===== Records for this task =====

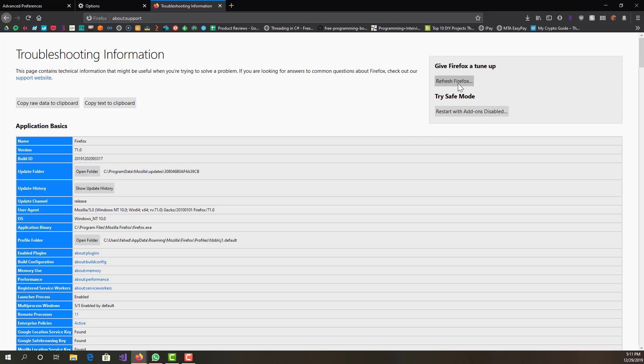But it basically will set your whole browser to whatever default settings there were when you first installed it. That should work. If that still doesn't work, then most likely you just have something wrong with your computer and that is another issue not related to Firefox.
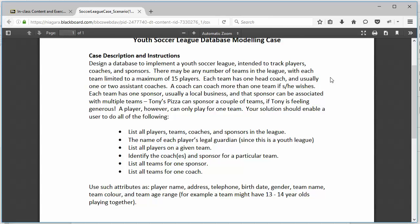Each team has one sponsor. A sponsor can sponsor multiple teams. A player can only play for one team, and a team can have many players, as we determined earlier, up to 15 players.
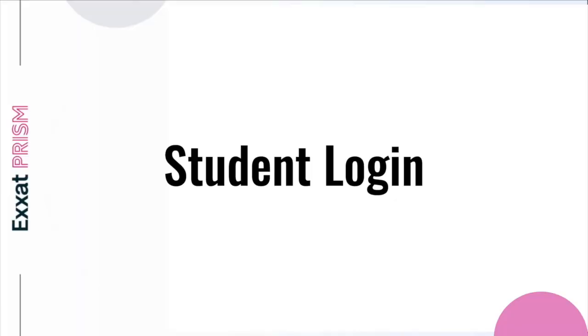Welcome to ExSatPRISM, the all-in-one education software for health science education. With ExSatPRISM, you can effortlessly manage every aspect of your clinical education.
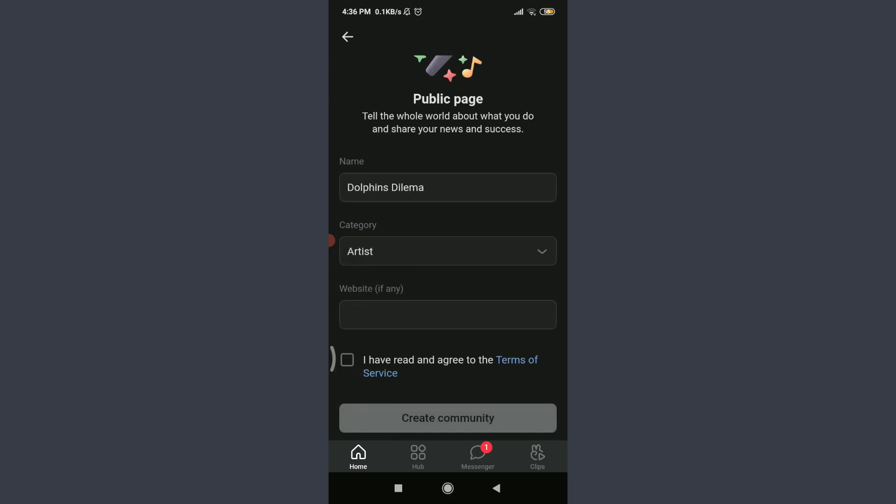If I do have a website, I can add it here. It's absolutely optional. When you're done, if you agree to the terms of service, you can tap on the square box in front of it and then tap on Create Community below.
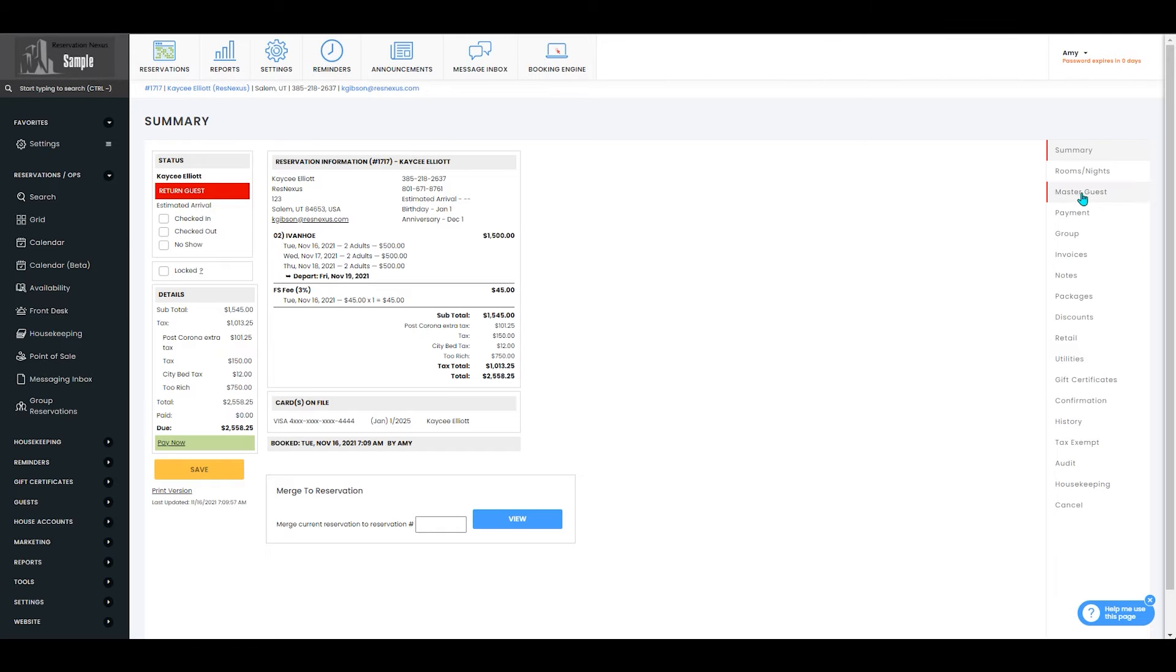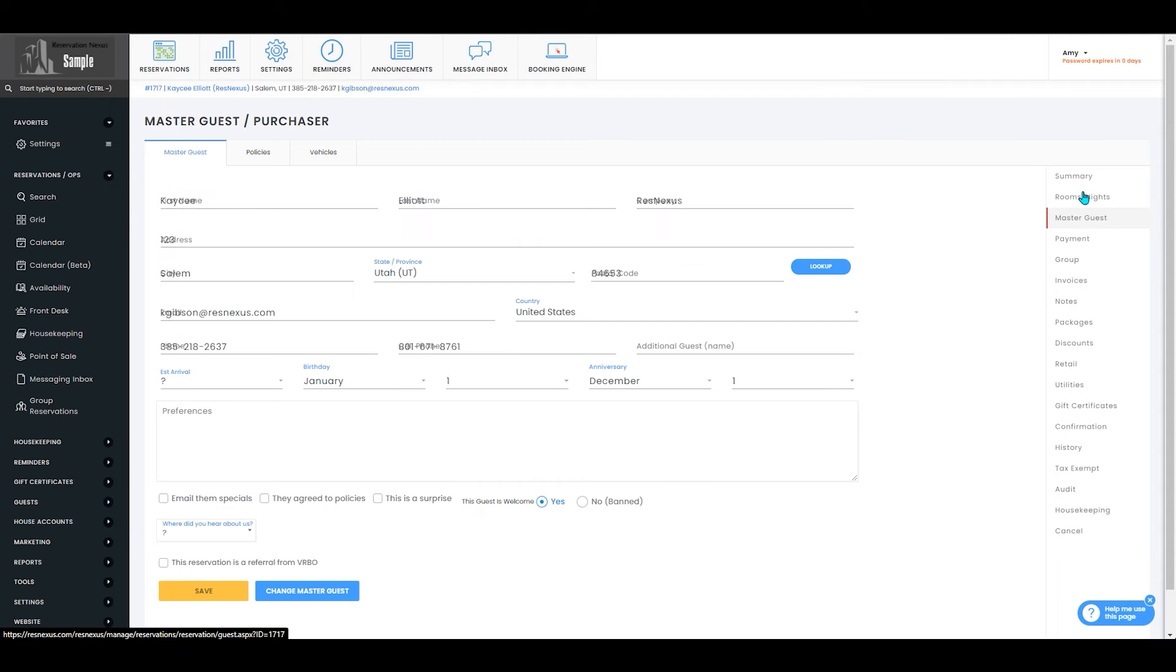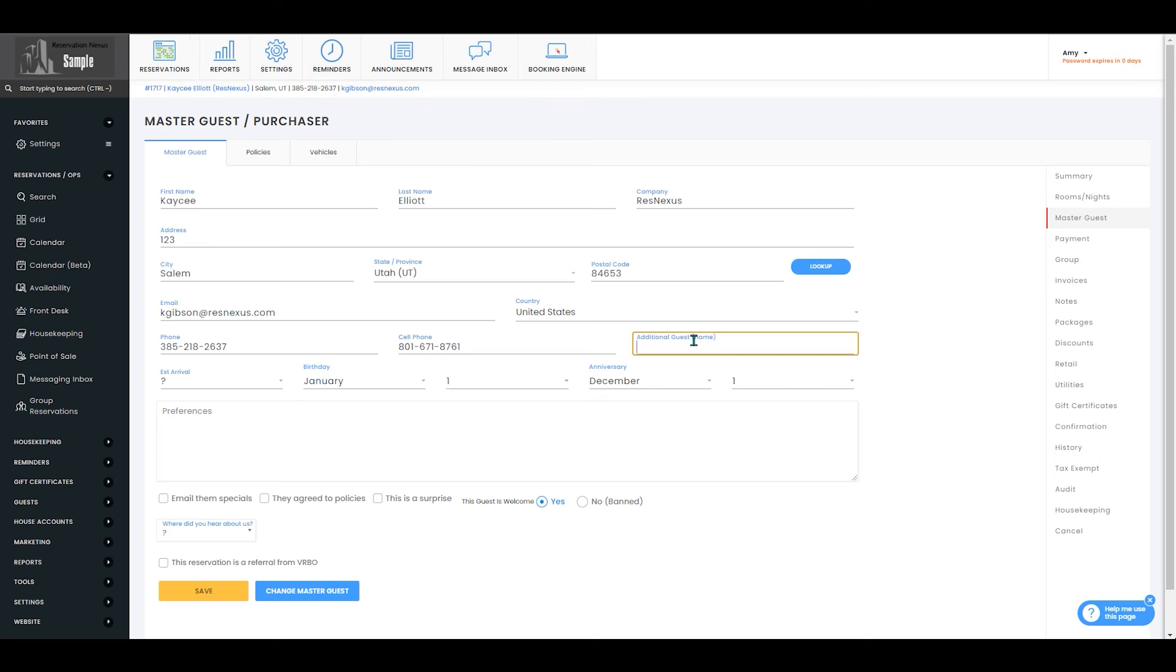Once you're inside the reservation, you'll select the Master Guest tab, and here you can enter an additional guest name.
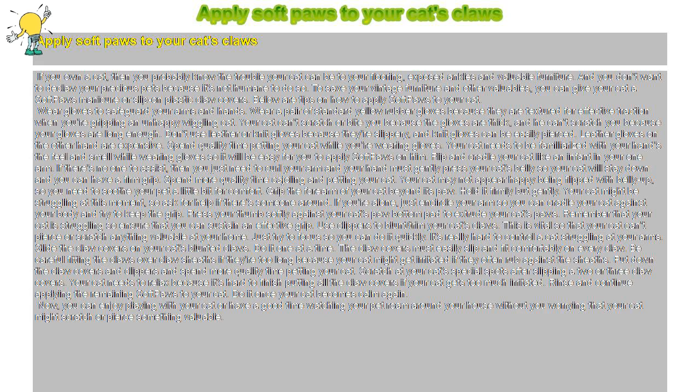And he can't scratch you because your gloves are long enough. Don't use leather or knit gloves because they're slippery, and knit gloves can be easily pierced. Leather gloves on the other hand are expensive.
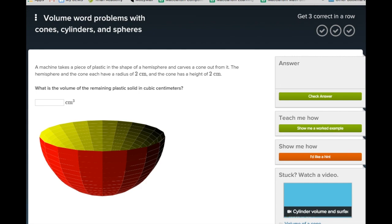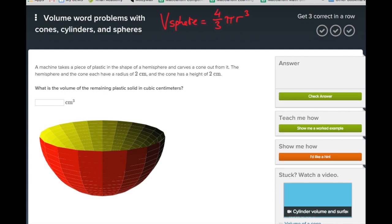Now let's deal with the questions on Khan Academy. These are all word problems, so you need to read carefully and extract all the information. In this particular case, we're looking at a hemisphere. Let's remind ourselves: the volume of a sphere is 4/3 π r³, so the volume of a hemisphere — which is half of a sphere — is going to be 2/3 π r³.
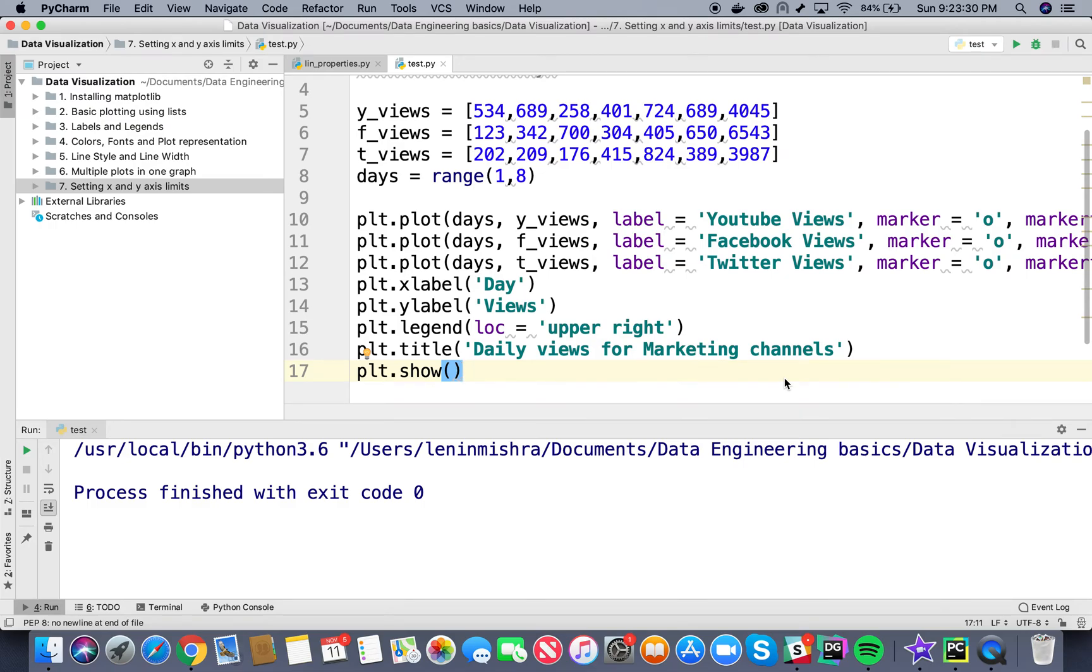Hello guys, welcome to the 8th tutorial of matplotlib. Today we are going to talk about adding gridlines to our plot.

=====

§ **Exercise directions**: Give the entries above again in full and exactly, but not the pictures.

§ **Your solution**:
But it basically will set your whole browser to whatever default settings there were when you first installed it. That should work. If that still doesn't work, then most likely you just have something wrong with your computer and that is another issue not related to Firefox.
Each team has one sponsor. A sponsor can sponsor multiple teams. A player can only play for one team, and a team can have many players, as we determined earlier, up to 15 players.
Welcome to ExSatPRISM, the all-in-one education software for health science education. With ExSatPRISM, you can effortlessly manage every aspect of your clinical education.
If I do have a website, I can add it here. It's absolutely optional. When you're done, if you agree to the terms of service, you can tap on the square box in front of it and then tap on Create Community below.
Once you're inside the reservation, you'll select the Master Guest tab, and here you can enter an additional guest name.
And he can't scratch you because your gloves are long enough. Don't use leather or knit gloves because they're slippery, and knit gloves can be easily pierced. Leather gloves on the other hand are expensive.
Now let's deal with the questions on Khan Academy. These are all word problems, so you need to read carefully and extract all the information. In this particular case, we're looking at a hemisphere. Let's remind ourselves: the volume of a sphere is 4/3 π r³, so the volume of a hemisphere — which is half of a sphere — is going to be 2/3 π r³.
Hello guys, welcome to the 8th tutorial of matplotlib. Today we are going to talk about adding gridlines to our plot.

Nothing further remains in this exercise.